(Items listed in a dataset)

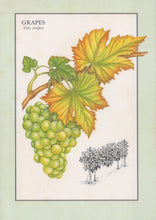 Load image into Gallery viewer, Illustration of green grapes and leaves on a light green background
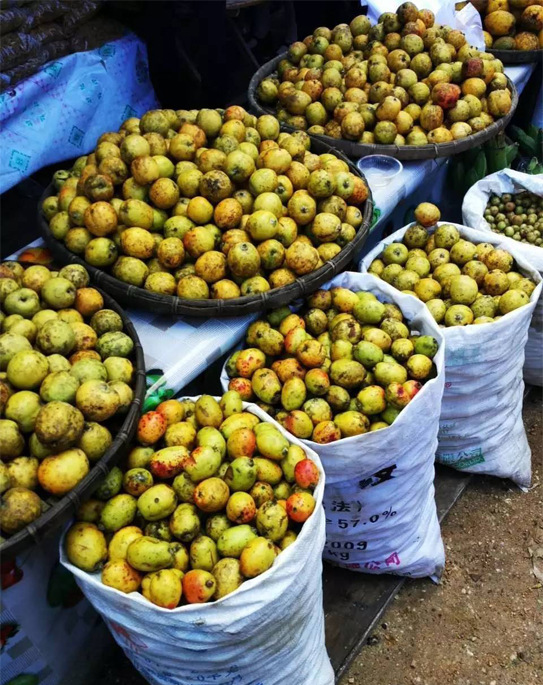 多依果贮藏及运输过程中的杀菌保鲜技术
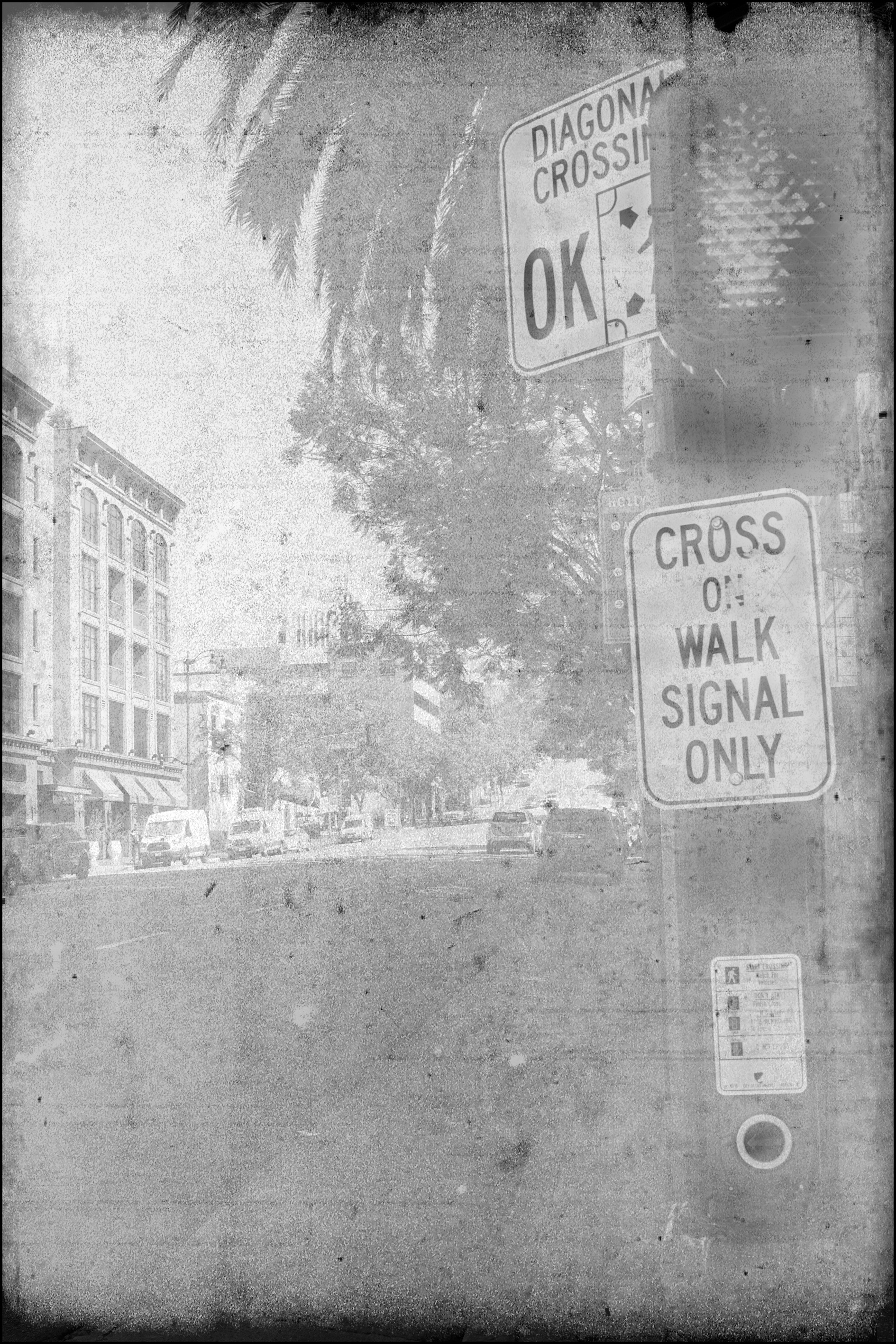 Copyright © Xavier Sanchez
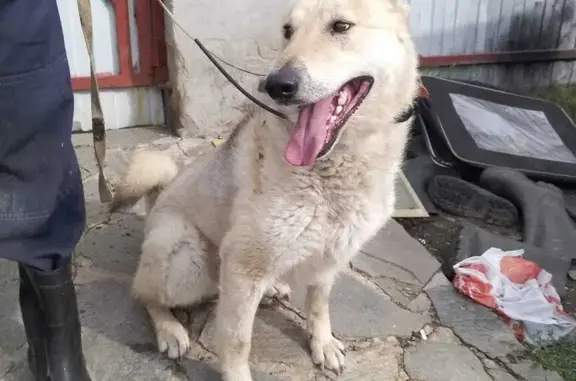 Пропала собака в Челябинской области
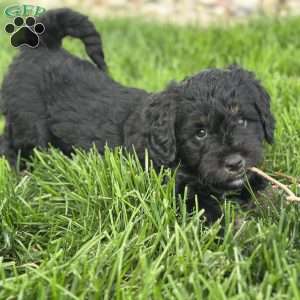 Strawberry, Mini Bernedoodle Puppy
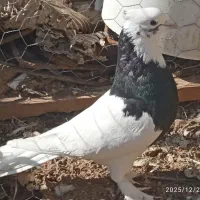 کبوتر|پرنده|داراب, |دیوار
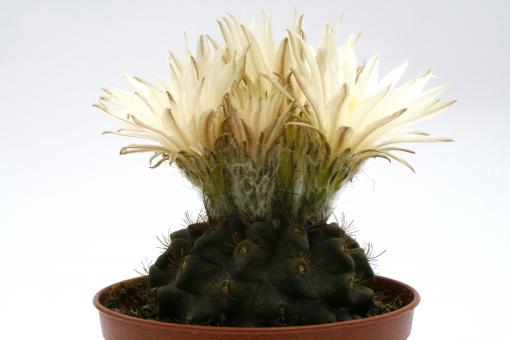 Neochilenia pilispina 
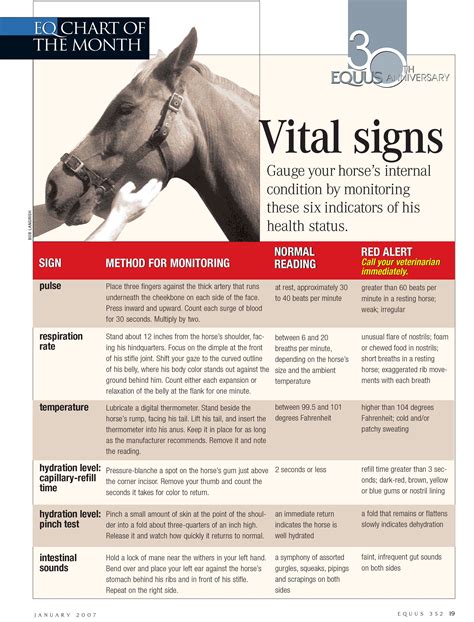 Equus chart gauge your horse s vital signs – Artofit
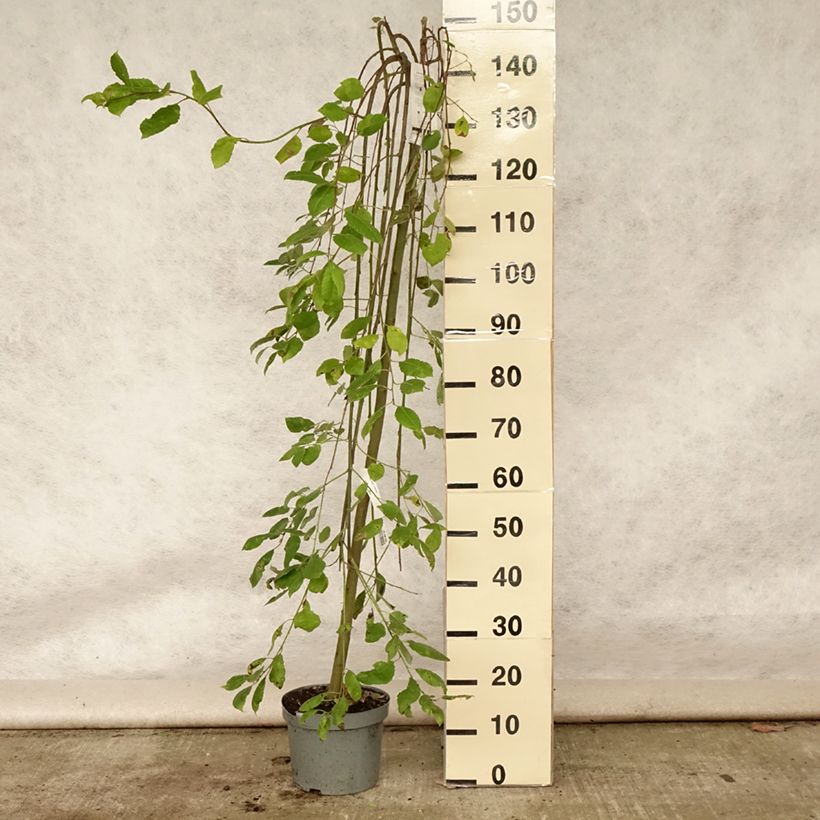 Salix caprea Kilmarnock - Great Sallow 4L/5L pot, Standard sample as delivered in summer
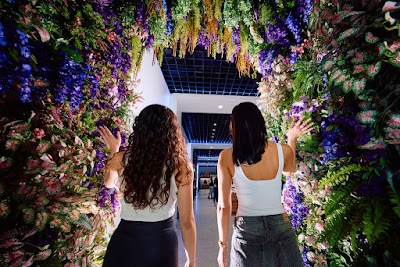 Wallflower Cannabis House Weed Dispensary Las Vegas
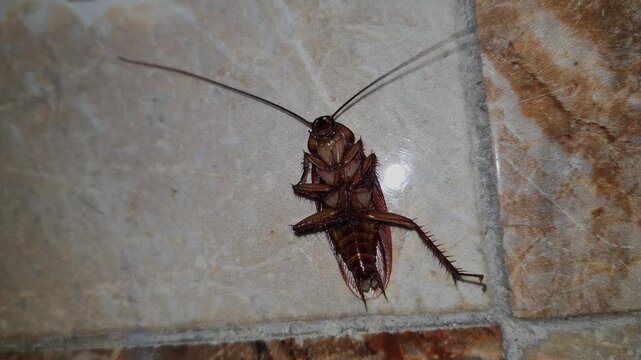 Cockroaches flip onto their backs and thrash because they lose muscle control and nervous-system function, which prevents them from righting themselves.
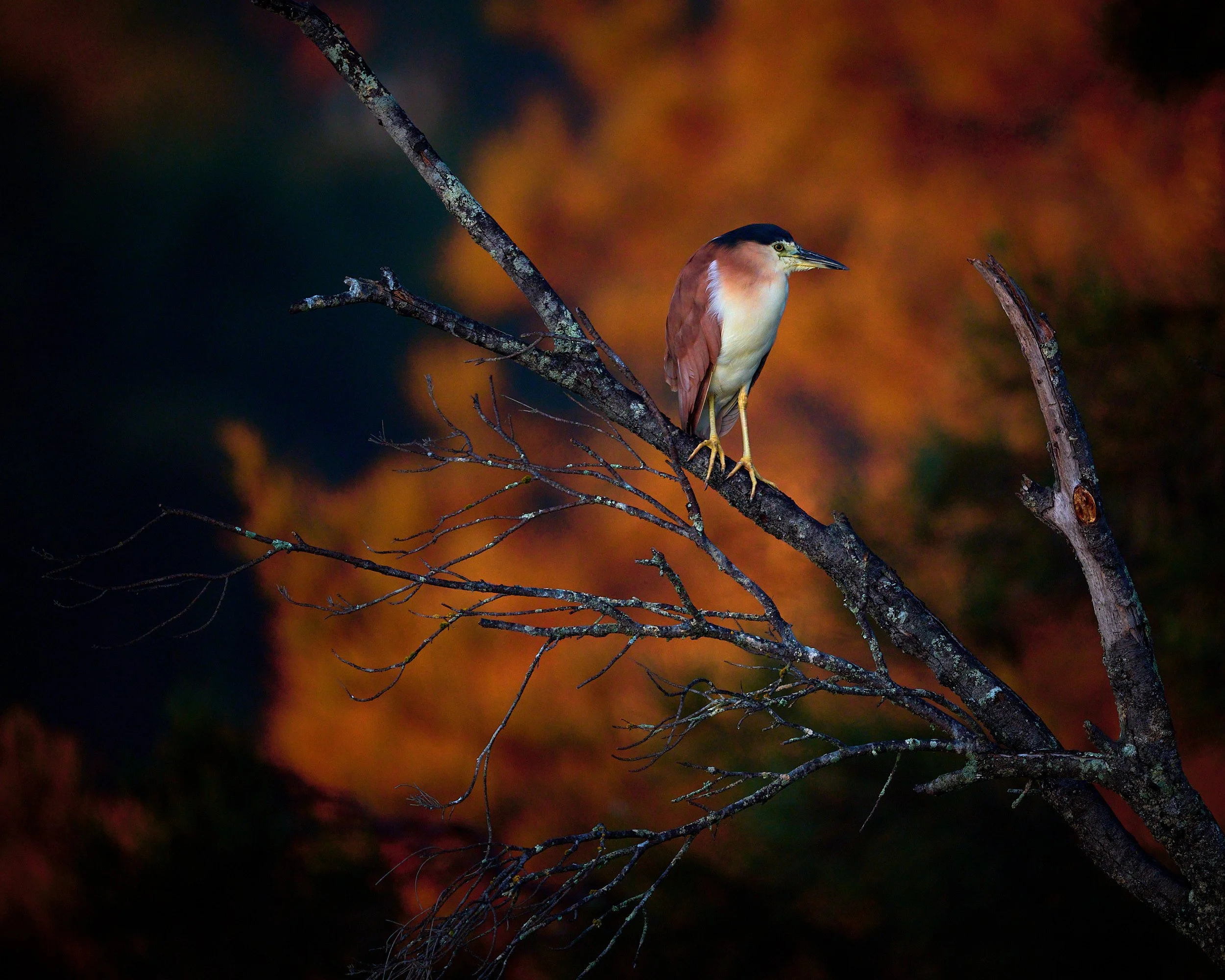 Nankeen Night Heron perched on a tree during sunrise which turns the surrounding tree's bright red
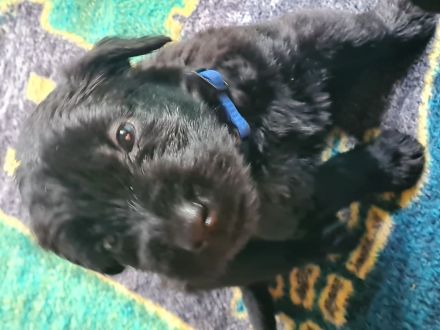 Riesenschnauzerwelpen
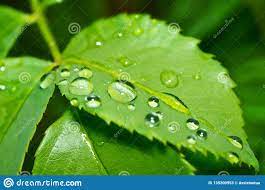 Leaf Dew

## PROBLEM STATEMENT
Copy only what lies between the line with "Пропала собака в Челябинской области" and the line with "Wallflower Cannabis House", those two lines included, exactly as given above; pictures stay out.

## WRITTEN ANSWER
 Пропала собака в Челябинской области
 Strawberry, Mini Bernedoodle Puppy
 کبوتر|پرنده|داراب, |دیوار
 Neochilenia pilispina 
 Equus chart gauge your horse s vital signs – Artofit
 Salix caprea Kilmarnock - Great Sallow 4L/5L pot, Standard sample as delivered in summer
 Wallflower Cannabis House Weed Dispensary Las Vegas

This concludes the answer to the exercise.